Monday, 27 February 2012

Calendar Girls ~ February 2102


Continuing with my monthly sharing of new to me blogs. The first of February's picks is 'Words and Herbs, which is a blog "for all who appreciate the beauty of words, flowers and homecooking". Author Cathy originates from the UK and now lives in the beautiful region of Barvaria, in Germany. Cathy blogs regularly on a wide range of topics. Recent posts have included a fascinating article on the spice cardamon, which I must confess to not having used regularly. Maybe the recipe Cathy shares today for Banana Blueberry Cardamon Muffins might well tempt me to being more adventurous. I have also enjoyed her posts showing glimpses of the area that she lives in, her word of the day articles and the poems that Cathy features. As spring slowly arrives I am looking forward to getting to know Cathy's garden and plants better.



I discovered Surburban Veg Plot a while ago but still in the relatively recent past as far as my blog reading goes. This is the delightful blog home of Jules, a keen and enthusiastic organic vegetable, fruit and flower gardener. She also has keeps chickens. Recent posts have included the familiar dilemma of winter itchy fingers, the question of whether one of her chickens has laid a record breaking egg complete with photographic evidence and the most seasonal topic of chitting potatoes. What I enjoy most about Jules posts are the sense of humour and the imagination that comes shining through. Last autumn I was in stitches reading her Mr.Ted posts which featured the adventures of a bear who stayed with her for a week - all part of a project initiated by another blogger to raise funds for charity. More recently her post about the Valentines Day speed dating event arranged by the sedate RHS had me in giggles.

Do try and visit these lovely ladies! 

Thursday, 23 February 2012

"The Distant Smell Of Summer"



"There is always in February some one day, at least, when one smells the yet distant, but surely coming, summer" - Gertrude Jekyll, 1843 - 1932.

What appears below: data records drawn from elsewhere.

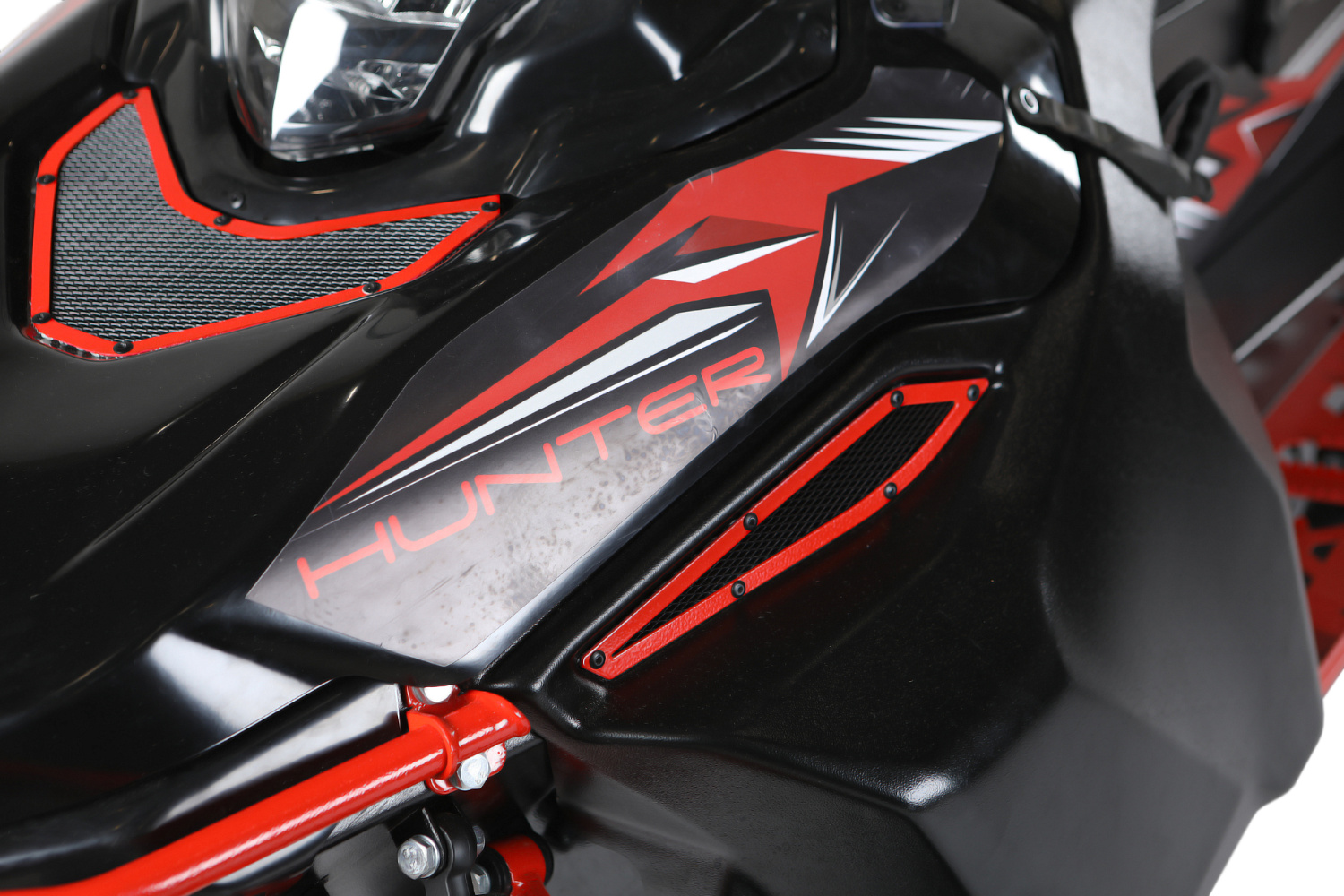 Снегоход IKUDZO HUNTER 600LK 20 V2 в Боровичах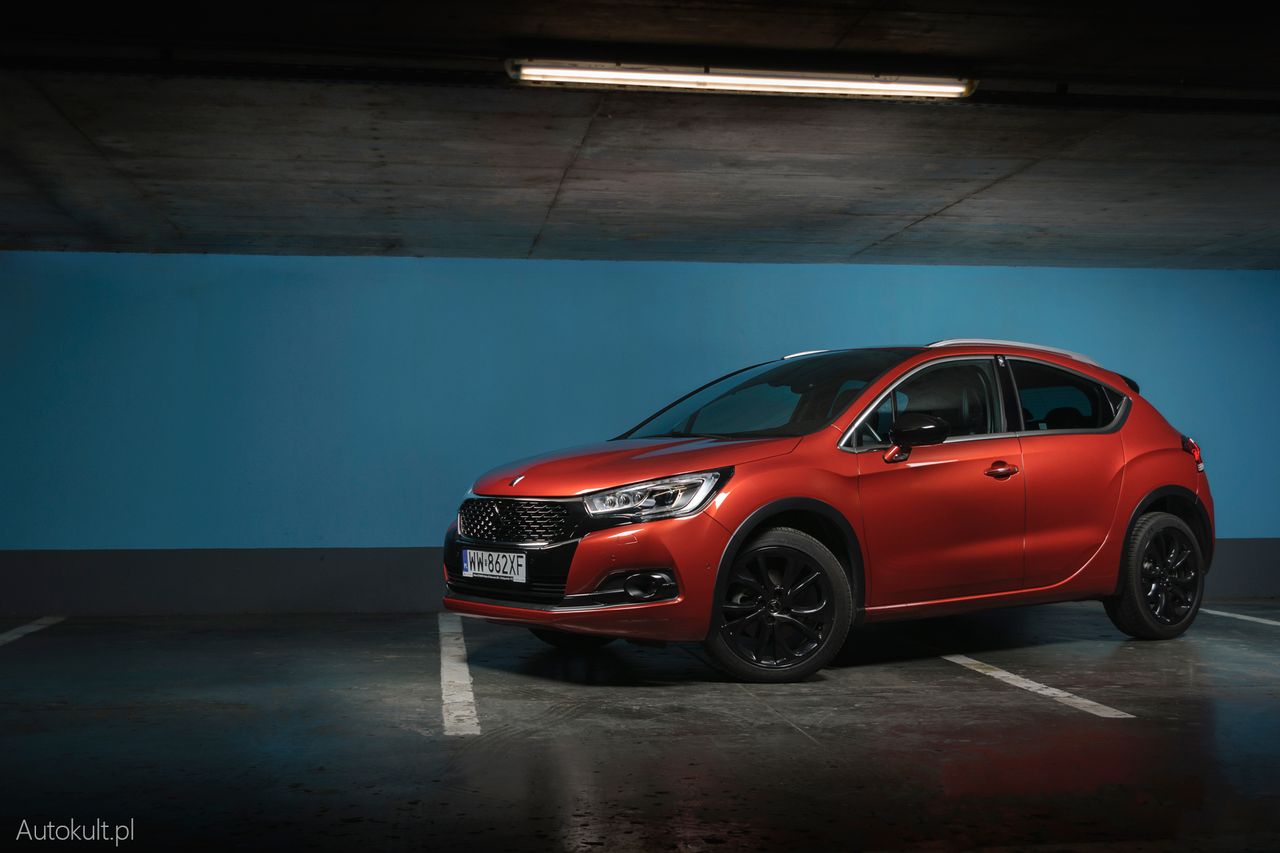 DS 4 Crossback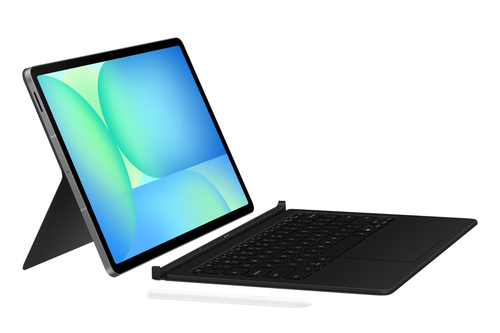 Samsung EF-DX625. Tastaturaufbau: QWERTZ, Tastatursprache: Deutsch, Eingabegerät: Trackpad. Marke-Kompatibilität: Samsung,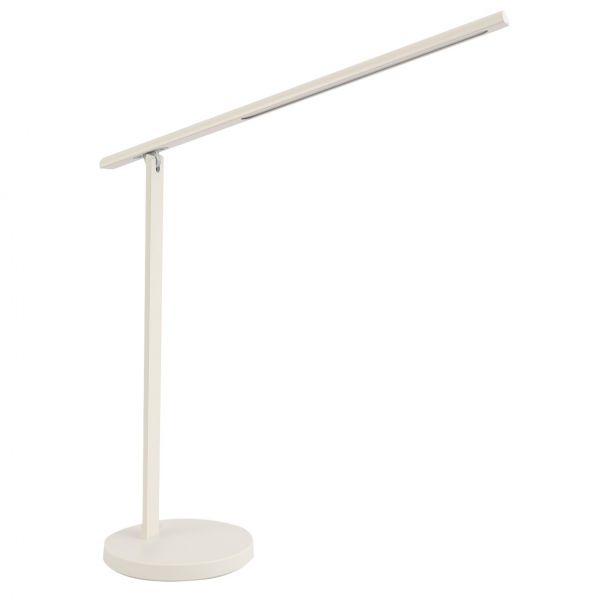 Φωτιστικό γραφείου LED, 220-240V, 7w, 3000-6000K, 650lm, CRI>80, IP20, 42x38cm, Dimmable, λευκό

After months of thinking about it, reading about it and dreaming about it today was finally a day for actually doing it - spending the best part of the day in the garden. The temperature hit the magical 60 degrees farenheit, seeds arrived in the post and seeds were sown. The green waste bin is almost full and I am now heading off to soak my limbs. I might pay for it tomorrow but today has been pure bliss! I was too busy to photograph it so the crocuses are 2011 vintage.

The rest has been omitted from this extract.